First they helped the children experience the collection by playing games with them.
“What kind of tools do you have at home?” Ranger Jean asked.
“Screwdriver! Hammer!” the children shouted in turn.
“See if you can find some examples of tools in this room that the Native Americans used,” Jean challenged them.
And so the preschoolers set off to explore. When the children had found a few tools, Jean explained how Native Americans used rocks, twine and sticks to help them do their work.
The boys also heard a Native American story about Bluejay, Crow and acorns. They learned how native people made a kind of oatmeal from crushed acorns and pine-nut butter from pulverized pine nuts. (Pine-nut butter was Cooper’s joke.) The children got to try their hand at grinding the acorns and pine nuts just as the Native Americans did. Then we took a little nature hike along the nearby trail, which typically boasts a beautiful wildflower display during the season. We wrapped up our morning with a nice picnic that allowed us to chat with ranger Deb one-one-one.
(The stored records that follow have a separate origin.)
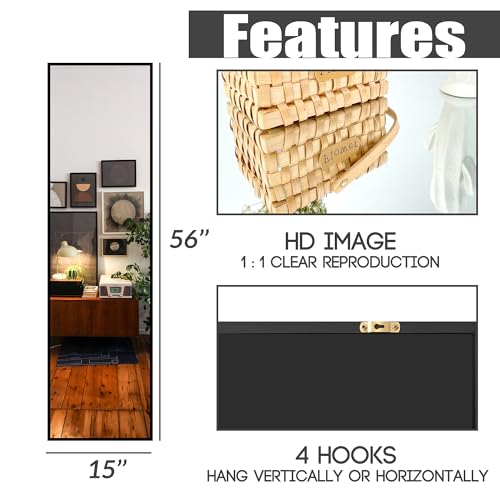 Large Aluminium Framed Full Length Standing Mirror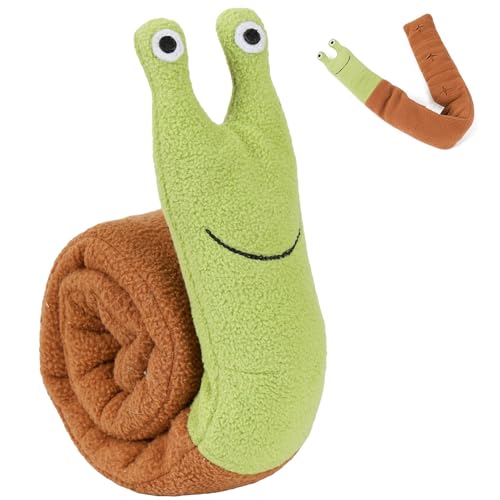 Dog Toys Plush with Squeaky & Treat Hiding Features - Mental Stimulation Enrichment Toy for Large Breed Dogs - Machine Washable Slow Feeder to Keep Dogs Busy，Snail Snuffle - color: Snail Snuffle-1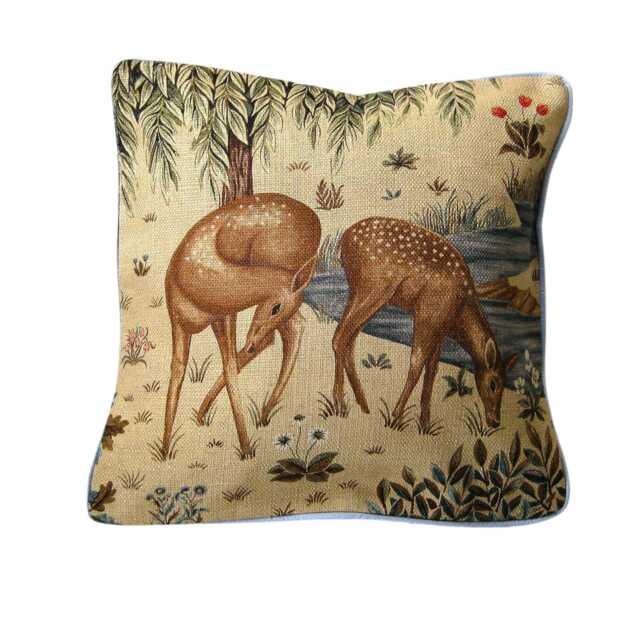 William Morris Linen Cushion Cover The Brook Woodland Deer Pillow - image 1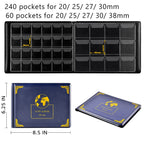 Green coin album with 300 pockets, dimensions, and separate spaces for different coin sizes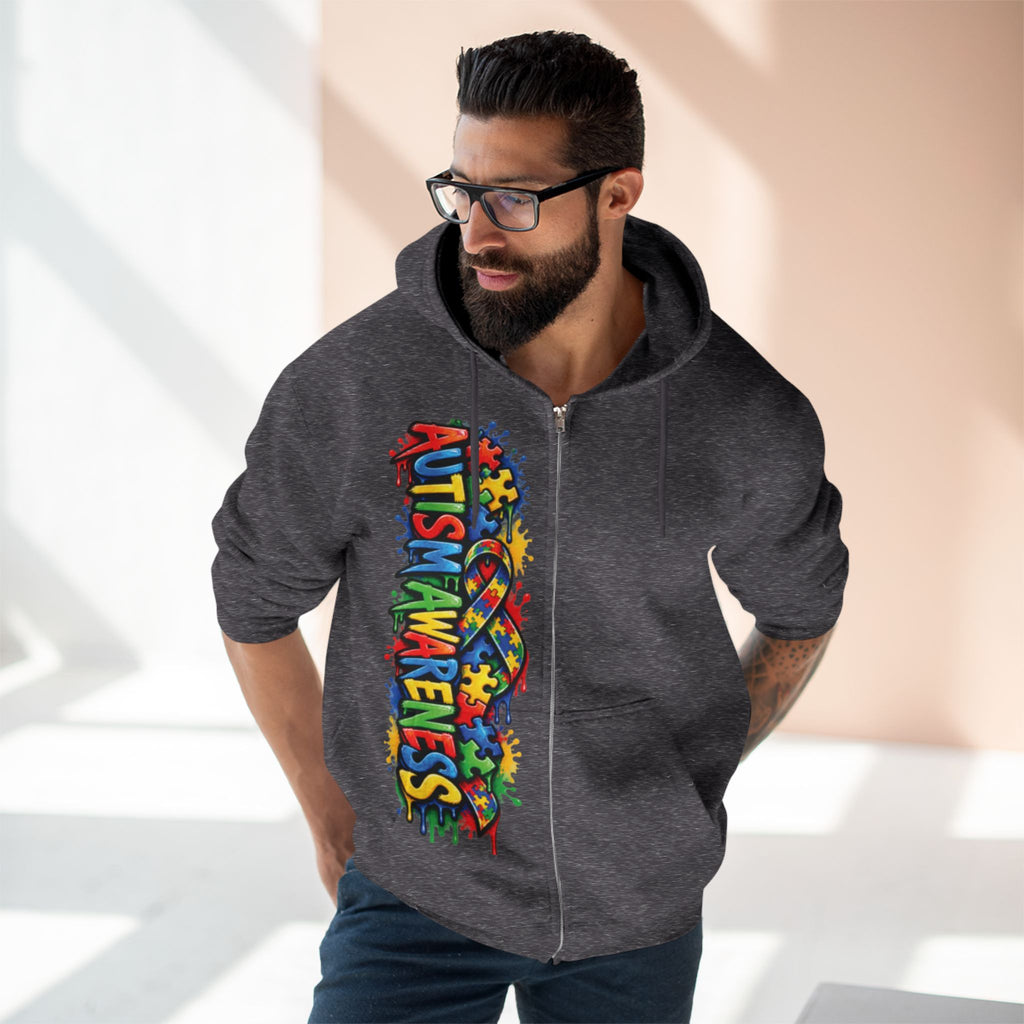 Autism Awareness Puzzle Heart Zip Hoodie | Colorful Awareness Design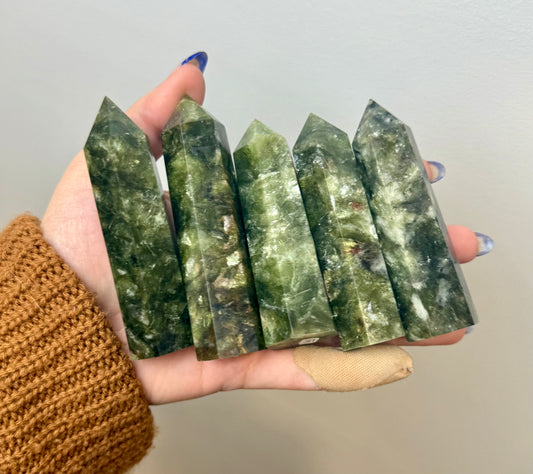Green mica towers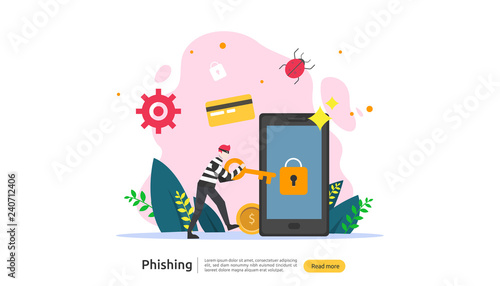 password phishing attack concept landing page template. heacker stealing personal internet security with tiny people character. web, banner, presentation, social, and print media. Vector illustration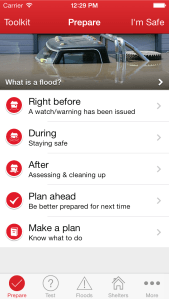 Screen Shot from the Flood App, now available from the American Red Cross.
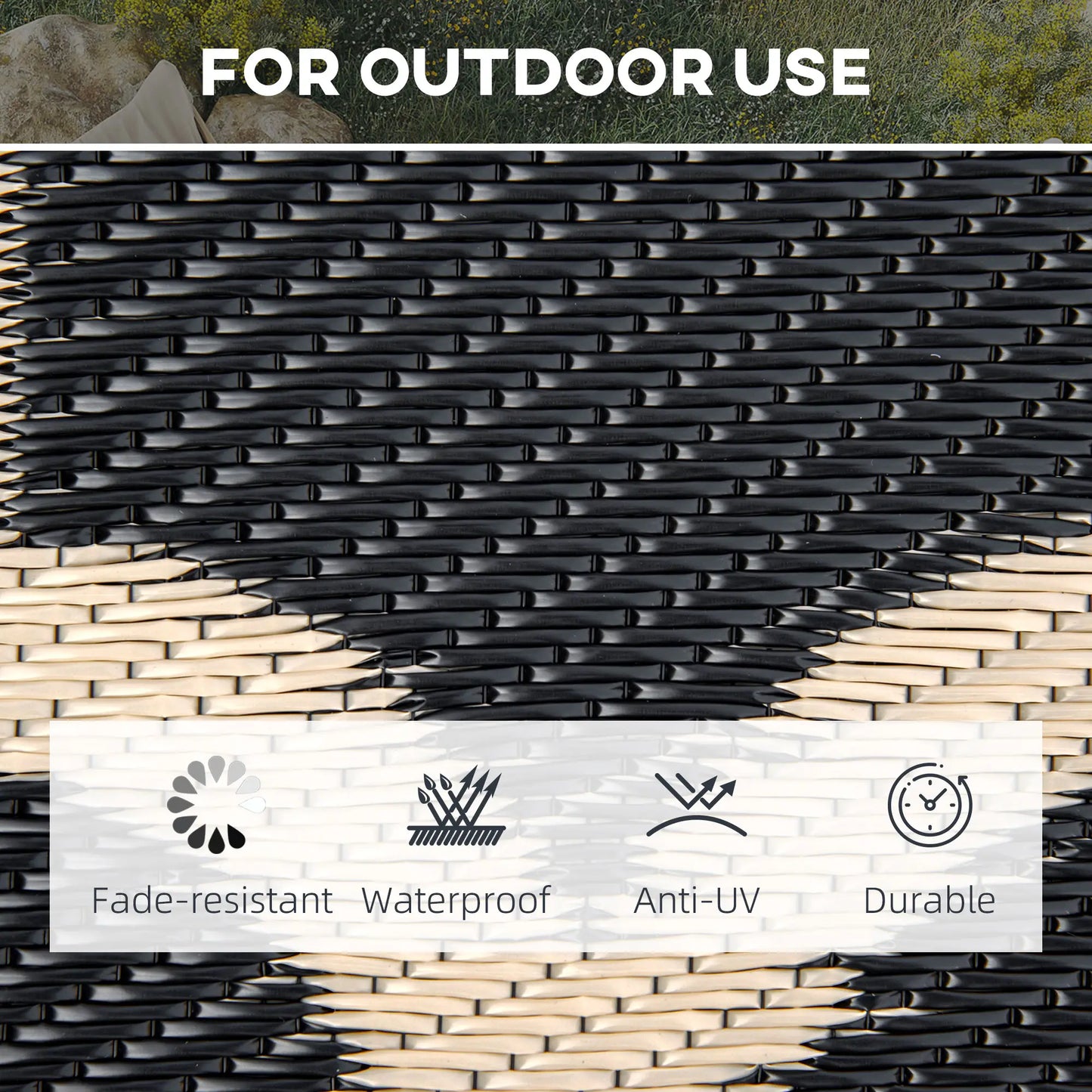 Reversible Outdoor RV Rug, 9' x 18', Patio Floor Mat, Black and Beige Outdoor Reversible Rugs at Gallery Canada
For locals: The Antelope Valley Indian Museum , a State Historic Park, is a Southern California gem. Located in the vast Mojave Desert about 70 miles northeast of Los Angeles, the park was once home to amateur anthropologist William Arden Edwards, a set designer in Hollywood. The main portion of the museum is Edwards’s Swiss chalet-style home, which he built directly into Piute Butte. A rock outcropping serves as one wall of the home’s majestic Kachina Hall.
Edwards harbored a deep interest in Native Americans of the southwest, and his home included a room for displaying his collection of pottery, baskets and other artifacts. Years later, he sold the 160-acre property to Grace Wilcox Oliver, who turned the it into a full-fledged museum. She converted the home into exhibit galleries, added her own collections and operated the Antelope Valley Indian Museum for more than 30 years. The State of California bought the site in 1979.
I love state parks. They often have a cozier feel than National Parks, despite being far less populated with visitors.